Generic SCSI on a Linux Host Operating System
Using the SCSI Generic driver in Linux, GSX Server allows your guest operating system to operate generic SCSI devices within a virtual machine. The SCSI Generic driver sets up a mapping for each SCSI device in /dev. Each entry starts with sg (for the SCSI Generic driver) followed by a letter. For example, /dev/sga is the first generic SCSI device.
Each entry corresponds to a SCSI device, in the order specified in /proc/scsi/scsi, from the lowest device ID on the lowest adapter to the highest device ID on the lowest adapter, and so on to the highest device ID on the highest adapter. Do not enter /dev/st0 or /dev/scd0.
Note: When setting up a generic SCSI device in the virtual machine settings editor, as described later in this section, you specify the device you wish to install in the virtual machine by typing its /dev/sg entry in the Connection field.
Generic SCSI requires version 2.1.36 of the SCSI Generic (sg.o) driver, which comes with kernel 2.2.14 and higher.
Avoiding Concurrent Access to a Generic SCSI Device
Under Linux some devices specifically tape drives, disk drives and CD-ROM drives already have a designated /dev entry (traditionally, st, sd and scd, respectively). When the SCSI Generic driver is installed, Linux also identifies these devices with corresponding sg entries in /dev in addition to their traditional entries. GSX Server ensures that multiple programs are not using the same /dev/sg entry at the same time but cannot always ensure that multiple programs are not using the /dev/sg and the traditional /dev entry at the same time. It is important that you do not attempt to use the same device in both host and guest. This can cause unexpected behavior and may cause loss or corruption of data.
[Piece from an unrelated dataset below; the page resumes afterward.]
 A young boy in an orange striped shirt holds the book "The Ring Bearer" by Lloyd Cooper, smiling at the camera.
Permissions on a Generic SCSI Device
You must have read and write permissions on a given generic SCSI device in order to use the device within a virtual machine, even if the device is a read-only device such as a CD-ROM drive. These devices typically default to root-only permissions. Your administrator should create a group with access to read and write to these devices, then add the appropriate users to that group.